= Lightning rocket =

Rocket used to trigger lightning

A lightning rocket is a rocket that unravels a conductor, such as a fine copper wire, as it ascends, to conduct lightning charges to the ground. Lightning strikes derived from this process are called "triggered lightning."

== Design ==
A conducting lightning rod is grounded and positioned alongside the launch tube in communication with the conductive path to thereby control the time and location of a lightning strike from the thundercloud. The conductor trailed by the rocket can be either a physical wire, or column of ionized gas produced by the engine. A lightning rocket using solid propellant may have cesium salts added, which produces a conductive path when the exhaust gases are discharged from the rocket. In a liquid propellant rocket a solution of calcium chloride is used to form the conductive path.
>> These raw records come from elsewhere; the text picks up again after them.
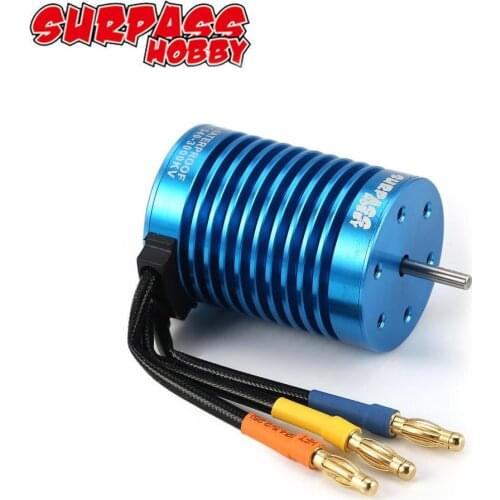 Upgrade Waterproof F540 3000KV 3300KV 3930KV 4370KV Brushless Motor for 1/10 RC Car Redcat Electric Volcano EPX PRO Blackout XTE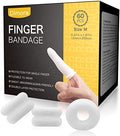 Dimora Finger Cots, Pack of 60 (Medium Size) Finger Protectors, Breathable Bandages for Wound Care, Stretchy Sleeves for Gardening, Fitness and Cargo Handling, White by Dimora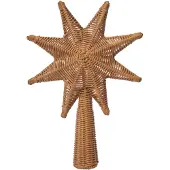 Ferm Living Rattan Christmas Tree Top Étoile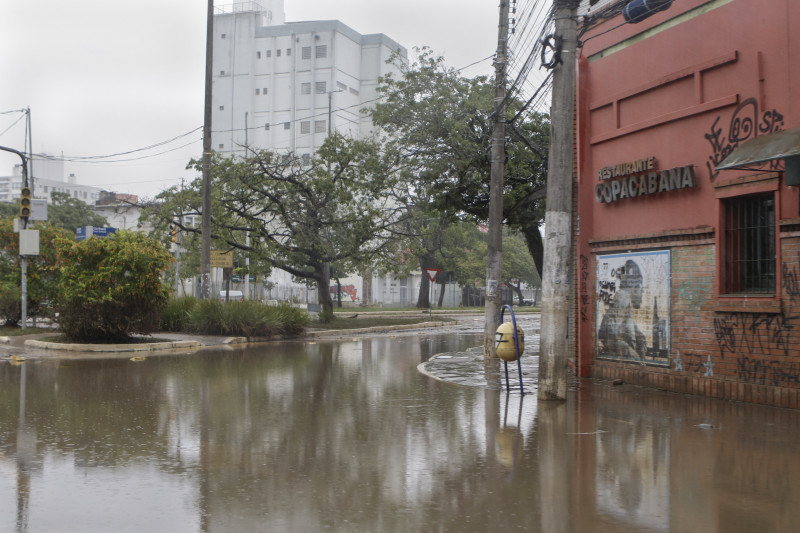 No início do mês, a região foi fortemente atingidas pelas cheias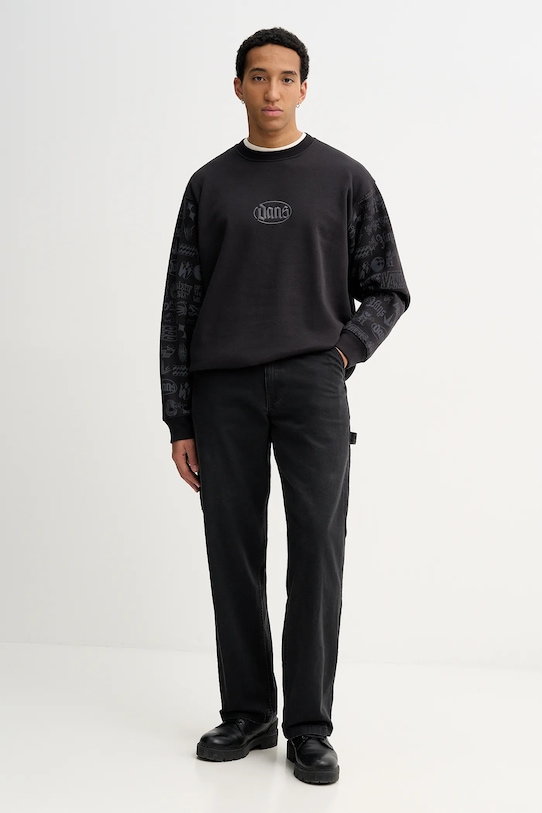 Vans felső VN000PASBLK1 fekete AW25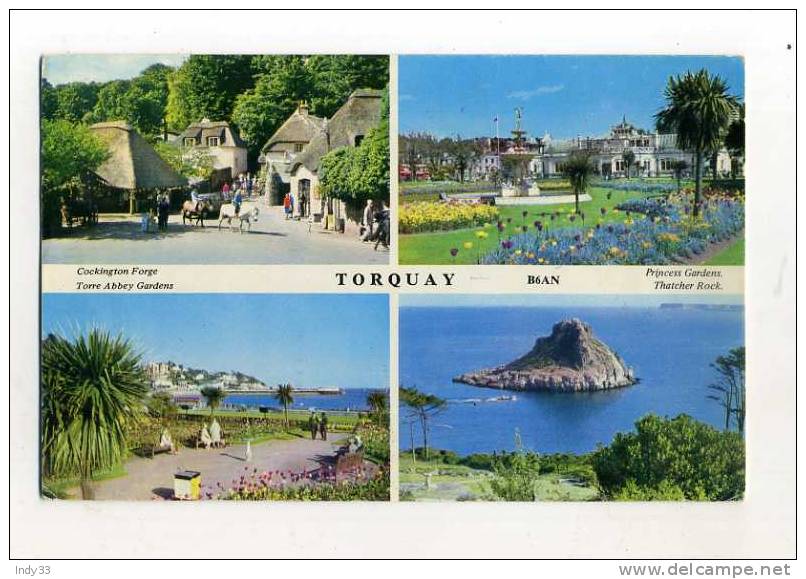 - ANGLETERRE DEVON . TORQUAY . VUES MULTIPLES . - Torquay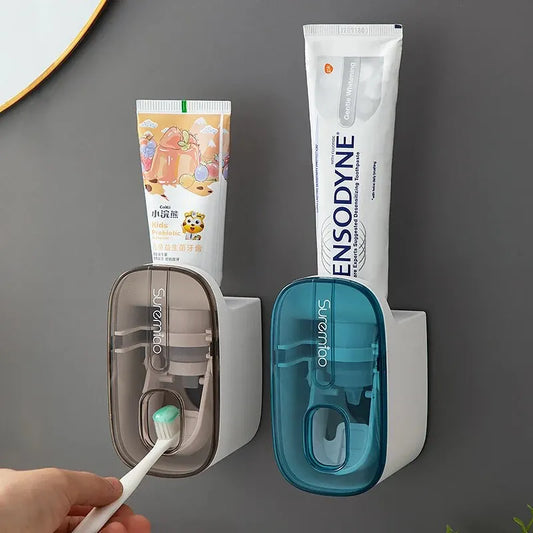 Higiene, comodidad y ahorro en tu baño con este dispensador automático de pasta dental!
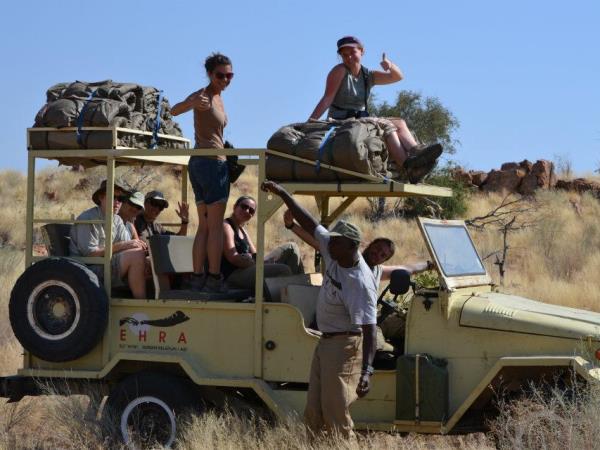 Elephant conservation project in Namibia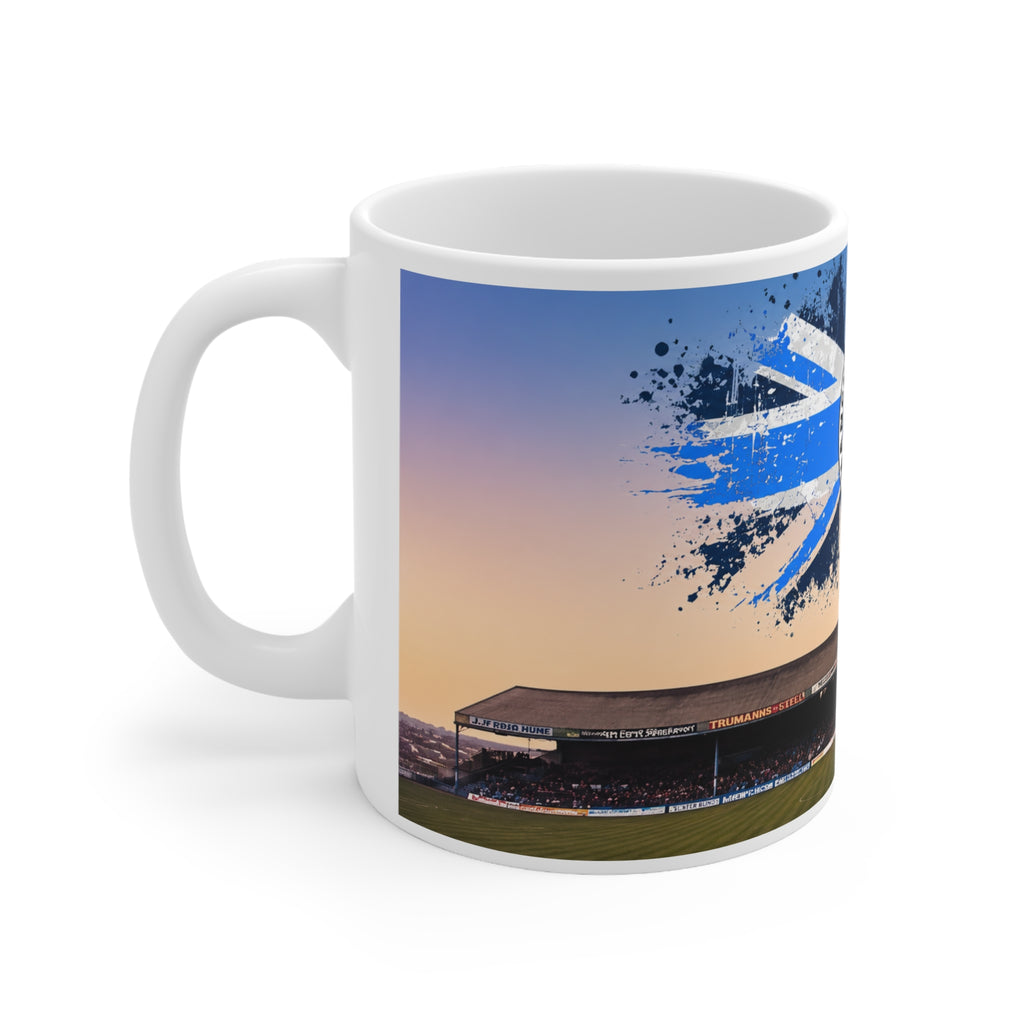 Manchester City Maine Road Kippax Stand Ceramic Coffee Mug — Stadium Panorama & Crest, 11oz/15oz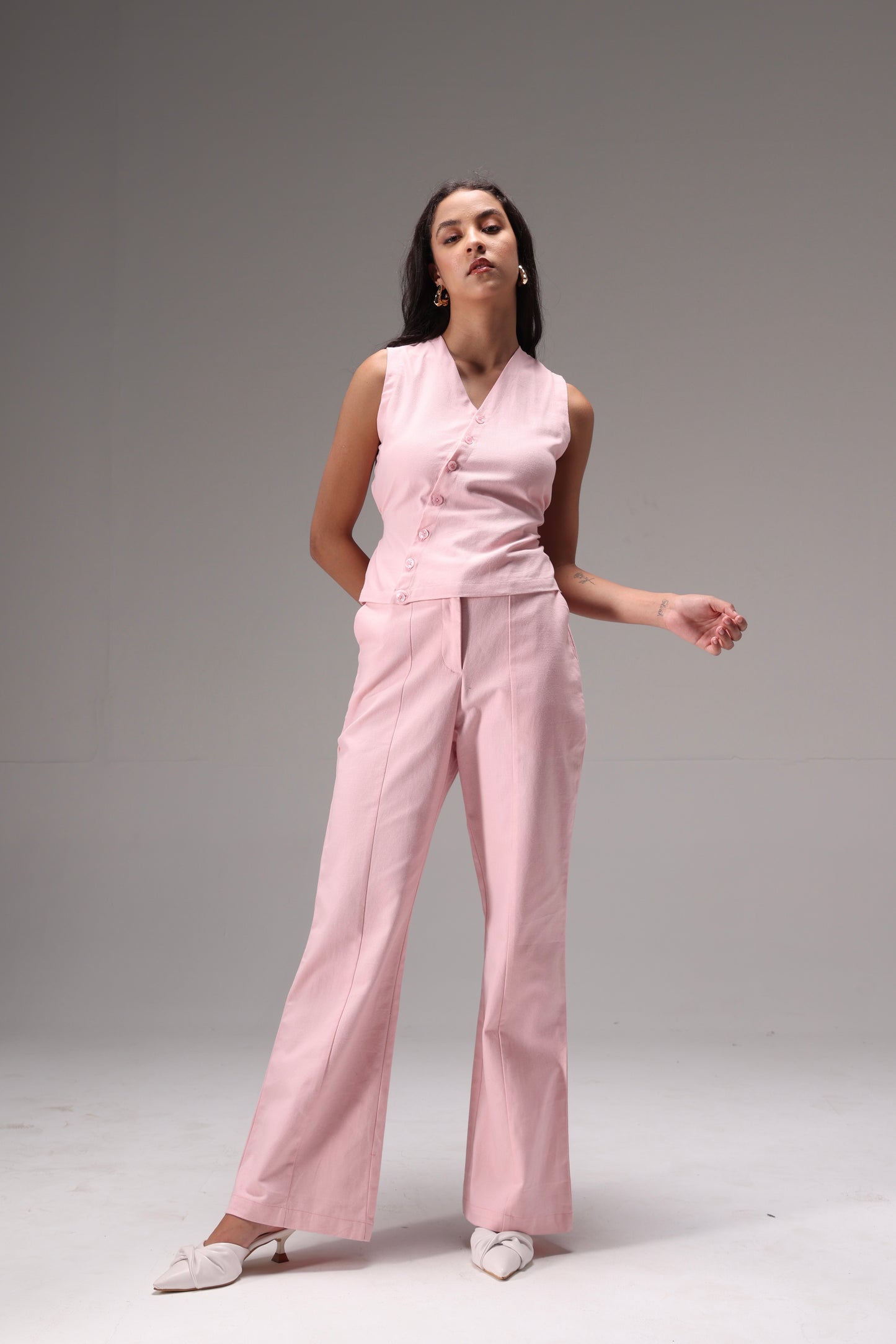 The Power Waistcoat Cotton Duck Set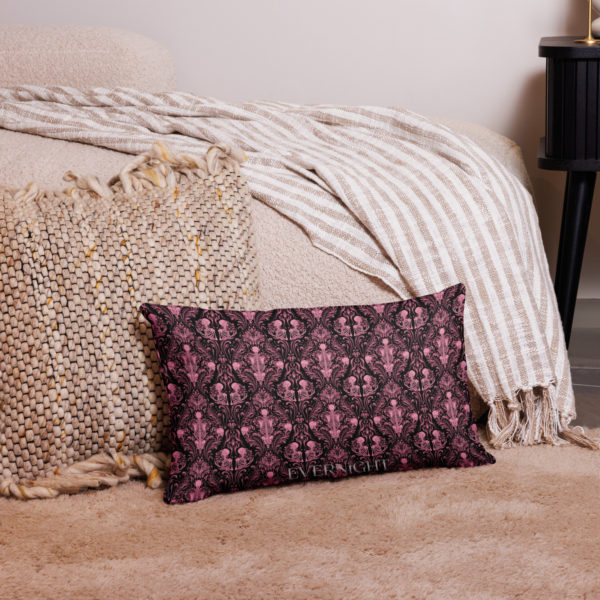 Pink Nameless Bones Premium Pillows - Image 6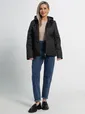 Куртка демисезонная стеганая (черная матовая) Б15194-25М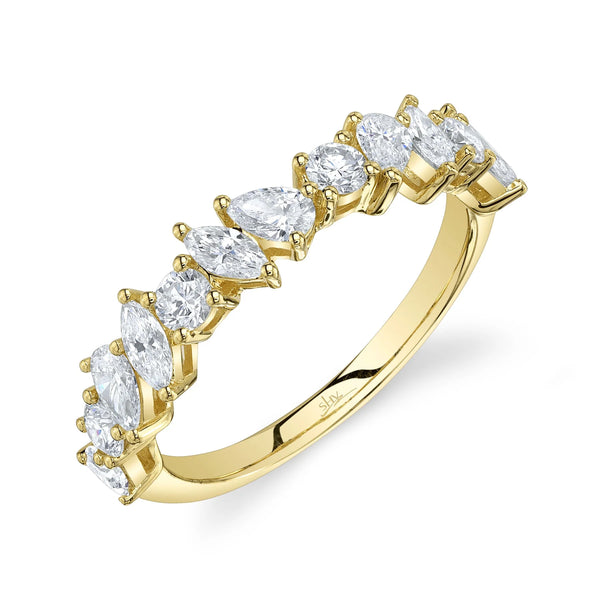 1.07ctw Diamond Mixed Shaped Ring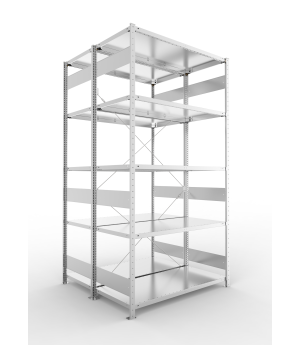 Fachbodenregal Grundregal 2500×1300×600 mm, 150 kg Fachlast 
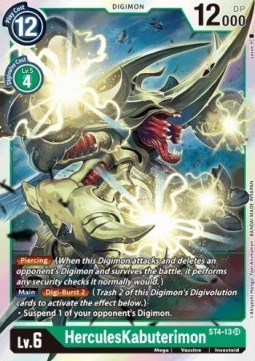 HerculesKabuterimon (ST4-13) - Starter Deck: Giga Green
The system consists of a specially designed launch pad with lightning rods and conductors attached. The launch pad is either controlled wirelessly or via pneumatic line to the control station to prevent the discharge traveling to the control equipment. The fine copper wire (more recently reinforced with kevlar) is attached to the ground and plays out from the rocket as it ascends. The initial strike follows this wire and is as a result unusually straight. As the wire is vaporized by the initial strike, subsequent strikes are more angular in nature and follow the ionization trail of the initial strike. Rockets of this type are used for both lightning research and lightning control.

== Betts system ==
The Betts lightning rocket, patented by Robert E. Betts in 2003, consists of a rocket launcher that is in communication with a detection device that measures the presence of electrostatic and ionic change in close proximity to the rocket launcher that also fires the rocket. This system is designed to control the time and the location of a lightning strike. As the rocket flies to the thundercloud a liquid is expelled aft forming a column in the air of particles that are more electrically conductive than the surrounding air. In a similar fashion to the system employing a solid propellant as the conductive producer this conductive path conducts a lightning strike to ground to thereby control the time and location of a lightning strike from the thundercloud.